The ultimate goal of this program is to identify psychological and physiological limitations of AR prototypes currently under development or used for medical simulation training in the diverse high pressure and stressful context anticipated in Roles of Care 1-4. This research will assess and inform prototype development and/or refinement of existing AR prototypes for medical simulation, reducing overall developmental risk, 1) enabling efficiency in the design of future AR scenarios, 2) identifying potential safety issues, and 3) identifying risk factors for adverse reactions to AR medical simulations. Assessing the physiological and psychological effects of AR prototypes for military medical simulations is imperative to the technological development and refinement needed to fully address the existing capability gaps identified in the JETS and POINTS programs and deliver effective solutions to the Warfighter. The outcomes of this work will be used to ensure that AR technology is safely and optimally utilized to enhance learning capabilities in medical simulation.

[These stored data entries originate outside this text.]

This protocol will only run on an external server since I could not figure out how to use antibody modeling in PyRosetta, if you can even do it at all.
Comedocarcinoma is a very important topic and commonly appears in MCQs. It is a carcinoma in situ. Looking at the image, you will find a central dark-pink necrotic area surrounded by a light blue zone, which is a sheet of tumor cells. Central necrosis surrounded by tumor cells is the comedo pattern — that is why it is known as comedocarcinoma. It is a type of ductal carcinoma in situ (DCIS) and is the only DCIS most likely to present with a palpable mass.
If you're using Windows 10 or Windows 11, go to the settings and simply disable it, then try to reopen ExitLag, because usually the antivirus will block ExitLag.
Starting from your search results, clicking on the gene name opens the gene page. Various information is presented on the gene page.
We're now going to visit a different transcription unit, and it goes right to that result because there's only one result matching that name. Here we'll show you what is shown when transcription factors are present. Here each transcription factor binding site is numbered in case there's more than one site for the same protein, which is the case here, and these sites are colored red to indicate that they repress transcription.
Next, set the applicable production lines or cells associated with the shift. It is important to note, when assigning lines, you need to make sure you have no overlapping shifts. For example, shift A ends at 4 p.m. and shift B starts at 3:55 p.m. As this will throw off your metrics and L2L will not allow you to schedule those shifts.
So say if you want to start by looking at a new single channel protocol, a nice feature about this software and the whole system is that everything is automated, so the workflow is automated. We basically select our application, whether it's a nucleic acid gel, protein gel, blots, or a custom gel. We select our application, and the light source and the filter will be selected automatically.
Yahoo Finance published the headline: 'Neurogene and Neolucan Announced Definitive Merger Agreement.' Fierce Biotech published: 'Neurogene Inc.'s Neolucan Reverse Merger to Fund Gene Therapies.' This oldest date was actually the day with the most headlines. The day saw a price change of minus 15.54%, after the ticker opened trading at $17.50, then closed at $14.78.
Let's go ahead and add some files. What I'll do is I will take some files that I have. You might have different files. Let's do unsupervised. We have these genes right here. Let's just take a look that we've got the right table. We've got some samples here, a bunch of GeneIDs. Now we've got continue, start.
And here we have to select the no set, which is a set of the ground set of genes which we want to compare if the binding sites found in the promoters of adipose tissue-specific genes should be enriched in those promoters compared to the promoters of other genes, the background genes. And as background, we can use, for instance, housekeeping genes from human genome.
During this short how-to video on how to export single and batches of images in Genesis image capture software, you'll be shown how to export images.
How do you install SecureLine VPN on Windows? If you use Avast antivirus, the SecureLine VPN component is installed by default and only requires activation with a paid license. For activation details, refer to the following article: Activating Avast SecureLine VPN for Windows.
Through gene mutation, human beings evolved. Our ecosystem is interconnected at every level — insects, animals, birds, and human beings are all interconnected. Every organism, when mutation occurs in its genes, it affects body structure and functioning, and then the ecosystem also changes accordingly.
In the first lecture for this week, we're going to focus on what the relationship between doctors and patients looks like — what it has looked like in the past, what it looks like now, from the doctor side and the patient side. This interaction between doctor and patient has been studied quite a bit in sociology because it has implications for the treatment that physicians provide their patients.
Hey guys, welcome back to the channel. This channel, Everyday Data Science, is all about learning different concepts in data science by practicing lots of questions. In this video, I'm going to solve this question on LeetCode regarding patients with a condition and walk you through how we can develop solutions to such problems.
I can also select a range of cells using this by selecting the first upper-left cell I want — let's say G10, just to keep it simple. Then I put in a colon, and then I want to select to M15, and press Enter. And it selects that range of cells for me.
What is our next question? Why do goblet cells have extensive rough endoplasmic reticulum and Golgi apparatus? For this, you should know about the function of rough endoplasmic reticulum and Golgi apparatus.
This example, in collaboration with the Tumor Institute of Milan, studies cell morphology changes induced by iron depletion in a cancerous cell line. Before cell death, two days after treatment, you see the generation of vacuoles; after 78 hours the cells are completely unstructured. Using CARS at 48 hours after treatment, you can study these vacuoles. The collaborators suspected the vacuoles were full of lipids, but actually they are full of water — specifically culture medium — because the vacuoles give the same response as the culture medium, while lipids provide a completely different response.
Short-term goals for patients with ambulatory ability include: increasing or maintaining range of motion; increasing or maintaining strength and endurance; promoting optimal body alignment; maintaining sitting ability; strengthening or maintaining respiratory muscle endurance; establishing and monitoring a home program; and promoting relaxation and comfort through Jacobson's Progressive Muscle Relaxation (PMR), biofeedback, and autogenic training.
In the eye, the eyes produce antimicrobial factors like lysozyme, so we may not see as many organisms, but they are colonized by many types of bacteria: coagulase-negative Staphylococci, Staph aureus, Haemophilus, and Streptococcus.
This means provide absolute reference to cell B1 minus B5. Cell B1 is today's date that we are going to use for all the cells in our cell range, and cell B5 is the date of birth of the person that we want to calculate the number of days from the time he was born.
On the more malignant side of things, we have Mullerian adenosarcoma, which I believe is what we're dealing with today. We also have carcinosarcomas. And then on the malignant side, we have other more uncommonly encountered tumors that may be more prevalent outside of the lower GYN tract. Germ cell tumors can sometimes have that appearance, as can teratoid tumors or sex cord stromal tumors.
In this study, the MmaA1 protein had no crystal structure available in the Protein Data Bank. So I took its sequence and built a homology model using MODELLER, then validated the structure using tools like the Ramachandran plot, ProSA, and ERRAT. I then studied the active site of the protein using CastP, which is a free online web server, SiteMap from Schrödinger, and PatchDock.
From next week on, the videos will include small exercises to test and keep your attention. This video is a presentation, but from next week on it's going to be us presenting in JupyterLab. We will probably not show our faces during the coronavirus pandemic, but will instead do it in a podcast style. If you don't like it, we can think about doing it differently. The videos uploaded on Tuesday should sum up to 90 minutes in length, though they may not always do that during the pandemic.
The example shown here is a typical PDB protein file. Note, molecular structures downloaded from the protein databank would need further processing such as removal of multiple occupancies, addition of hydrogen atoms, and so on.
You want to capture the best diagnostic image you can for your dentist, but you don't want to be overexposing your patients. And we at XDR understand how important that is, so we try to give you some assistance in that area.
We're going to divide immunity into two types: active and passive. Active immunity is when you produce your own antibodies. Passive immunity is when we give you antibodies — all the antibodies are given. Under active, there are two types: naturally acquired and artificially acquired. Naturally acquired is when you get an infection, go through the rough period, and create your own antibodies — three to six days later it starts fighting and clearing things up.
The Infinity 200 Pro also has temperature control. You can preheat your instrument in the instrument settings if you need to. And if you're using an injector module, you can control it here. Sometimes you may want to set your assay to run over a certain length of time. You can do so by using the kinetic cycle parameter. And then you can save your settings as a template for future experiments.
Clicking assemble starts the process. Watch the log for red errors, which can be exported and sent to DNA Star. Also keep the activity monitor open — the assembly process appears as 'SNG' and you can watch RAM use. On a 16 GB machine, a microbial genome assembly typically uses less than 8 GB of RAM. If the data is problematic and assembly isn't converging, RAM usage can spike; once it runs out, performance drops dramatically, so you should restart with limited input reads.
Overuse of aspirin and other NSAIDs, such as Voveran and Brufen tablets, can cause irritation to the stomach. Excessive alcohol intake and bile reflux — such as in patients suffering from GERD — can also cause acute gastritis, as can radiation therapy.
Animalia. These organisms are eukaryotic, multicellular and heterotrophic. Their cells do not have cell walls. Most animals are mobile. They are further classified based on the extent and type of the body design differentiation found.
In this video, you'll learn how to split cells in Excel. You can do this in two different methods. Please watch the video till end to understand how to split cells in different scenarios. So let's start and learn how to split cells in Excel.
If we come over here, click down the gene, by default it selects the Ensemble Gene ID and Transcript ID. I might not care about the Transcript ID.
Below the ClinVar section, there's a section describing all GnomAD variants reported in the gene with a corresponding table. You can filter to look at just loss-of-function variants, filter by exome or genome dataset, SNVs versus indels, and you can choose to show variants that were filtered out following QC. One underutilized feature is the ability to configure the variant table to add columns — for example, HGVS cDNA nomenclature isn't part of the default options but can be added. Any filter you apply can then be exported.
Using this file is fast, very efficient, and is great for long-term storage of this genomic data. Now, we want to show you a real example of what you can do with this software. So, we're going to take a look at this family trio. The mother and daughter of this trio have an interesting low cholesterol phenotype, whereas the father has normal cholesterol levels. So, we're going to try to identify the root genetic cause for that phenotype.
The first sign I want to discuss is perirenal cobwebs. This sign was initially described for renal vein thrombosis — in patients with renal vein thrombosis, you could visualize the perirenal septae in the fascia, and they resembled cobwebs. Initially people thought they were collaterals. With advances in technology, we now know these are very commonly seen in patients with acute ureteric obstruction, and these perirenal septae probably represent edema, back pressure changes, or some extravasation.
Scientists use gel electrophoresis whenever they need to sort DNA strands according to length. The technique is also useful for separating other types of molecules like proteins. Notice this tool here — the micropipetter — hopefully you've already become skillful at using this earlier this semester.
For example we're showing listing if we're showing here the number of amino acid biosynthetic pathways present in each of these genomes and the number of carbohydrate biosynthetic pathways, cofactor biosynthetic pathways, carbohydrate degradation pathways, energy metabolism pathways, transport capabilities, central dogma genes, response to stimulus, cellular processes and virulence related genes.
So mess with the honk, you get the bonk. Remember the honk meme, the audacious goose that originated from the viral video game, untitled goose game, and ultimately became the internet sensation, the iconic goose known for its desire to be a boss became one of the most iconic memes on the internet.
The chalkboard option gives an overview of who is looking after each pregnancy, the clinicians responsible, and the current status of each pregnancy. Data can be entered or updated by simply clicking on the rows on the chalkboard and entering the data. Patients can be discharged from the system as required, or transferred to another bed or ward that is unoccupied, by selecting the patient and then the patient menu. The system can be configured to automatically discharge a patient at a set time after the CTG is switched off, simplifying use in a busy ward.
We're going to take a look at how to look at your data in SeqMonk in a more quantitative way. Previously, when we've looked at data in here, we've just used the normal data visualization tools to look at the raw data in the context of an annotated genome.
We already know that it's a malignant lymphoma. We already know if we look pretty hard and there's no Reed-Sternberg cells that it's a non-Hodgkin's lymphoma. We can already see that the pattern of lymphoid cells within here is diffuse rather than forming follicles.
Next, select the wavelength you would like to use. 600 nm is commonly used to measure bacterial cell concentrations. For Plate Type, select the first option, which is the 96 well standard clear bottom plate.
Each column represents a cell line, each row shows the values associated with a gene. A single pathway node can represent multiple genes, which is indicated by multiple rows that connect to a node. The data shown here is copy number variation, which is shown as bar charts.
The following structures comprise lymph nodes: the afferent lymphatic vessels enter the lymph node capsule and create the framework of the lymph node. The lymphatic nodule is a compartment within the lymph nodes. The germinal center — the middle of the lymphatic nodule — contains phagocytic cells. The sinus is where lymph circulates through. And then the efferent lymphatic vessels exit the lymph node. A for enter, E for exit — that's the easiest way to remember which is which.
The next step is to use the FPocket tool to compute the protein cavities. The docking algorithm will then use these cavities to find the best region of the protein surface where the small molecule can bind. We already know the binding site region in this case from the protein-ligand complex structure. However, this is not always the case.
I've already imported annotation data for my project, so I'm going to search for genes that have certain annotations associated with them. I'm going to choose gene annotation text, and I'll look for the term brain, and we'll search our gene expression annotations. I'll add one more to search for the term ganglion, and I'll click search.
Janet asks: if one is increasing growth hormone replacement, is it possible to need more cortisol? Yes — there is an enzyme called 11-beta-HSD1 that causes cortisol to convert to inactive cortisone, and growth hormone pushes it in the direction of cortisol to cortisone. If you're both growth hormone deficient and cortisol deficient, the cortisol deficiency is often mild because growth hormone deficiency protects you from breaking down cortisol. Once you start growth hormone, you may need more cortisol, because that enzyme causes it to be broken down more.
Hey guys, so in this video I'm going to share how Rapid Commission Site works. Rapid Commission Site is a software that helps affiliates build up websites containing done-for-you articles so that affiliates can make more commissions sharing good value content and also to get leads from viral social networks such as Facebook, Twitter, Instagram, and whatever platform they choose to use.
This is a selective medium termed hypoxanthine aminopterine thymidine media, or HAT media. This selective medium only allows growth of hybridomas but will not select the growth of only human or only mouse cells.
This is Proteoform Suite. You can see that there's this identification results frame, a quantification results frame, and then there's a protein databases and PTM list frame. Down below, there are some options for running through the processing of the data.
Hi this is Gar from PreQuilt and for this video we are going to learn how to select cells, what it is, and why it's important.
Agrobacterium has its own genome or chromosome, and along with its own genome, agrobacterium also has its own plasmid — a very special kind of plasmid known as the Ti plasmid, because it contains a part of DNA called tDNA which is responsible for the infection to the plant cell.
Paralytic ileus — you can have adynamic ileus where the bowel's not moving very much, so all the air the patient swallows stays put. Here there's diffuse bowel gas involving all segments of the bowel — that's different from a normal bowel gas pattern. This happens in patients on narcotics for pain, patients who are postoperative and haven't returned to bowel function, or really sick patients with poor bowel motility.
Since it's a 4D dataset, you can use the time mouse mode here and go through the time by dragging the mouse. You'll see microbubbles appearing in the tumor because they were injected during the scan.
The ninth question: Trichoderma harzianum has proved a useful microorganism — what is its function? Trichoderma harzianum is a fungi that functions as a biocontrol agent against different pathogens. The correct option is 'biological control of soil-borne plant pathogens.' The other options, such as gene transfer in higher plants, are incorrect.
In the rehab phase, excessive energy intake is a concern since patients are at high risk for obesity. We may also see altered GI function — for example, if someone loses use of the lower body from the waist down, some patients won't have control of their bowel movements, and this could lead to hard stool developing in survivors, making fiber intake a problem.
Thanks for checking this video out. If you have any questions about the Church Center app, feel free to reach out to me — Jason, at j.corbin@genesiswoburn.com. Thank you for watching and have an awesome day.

This MTEC program is expected to conduct human studies to address either:
- Psychological effects of AR on the end user in training behavior (secondary assessments of cognitive load during learning using AR and/or assessment of neuropsychiatric conditions contraindicated for training with AR could be included), or
- Physiological effects of AR on the end user in training behavior (secondary assessments of cognitive load during learning using AR and/or assessment of physical conditions contraindicated for training with AR could be included).
It is anticipated that the outcome of these awards will achieve at least one of the following (not in rank order):
- Deliver a human subjects study that assesses the physiological or psychological effects of AR that will be analyzed and recorded in technical reports and, eventually, in the final report.
- Enable efficiency in the design of future AR scenarios/prototypes in medical simulations.
- Identify potential safety issues that should be accounted for in AR prototypes used in medical simulation training.
- Provide recommendations and/or proposed mitigation strategies regarding any safety issues identified to improve or refine development of or existing AR prototypes.
- It is anticipated that AR scenarios assessed will be relevant across the military and U.S. Department of Veterans Affairs and potential academic, clinics, rural healthcare settings, private and public hospitals, and international healthcare situations.
- If applicable, support safety data in investigational device exemption or 510K applications or provide post-mark surveillance data for Food and Drug Administration (FDA)-cleared AR technology.
The research project award recipients were selected from the Offerors who responded to MTEC’s Request for Project Proposals (MTEC-18-09-APPEAR).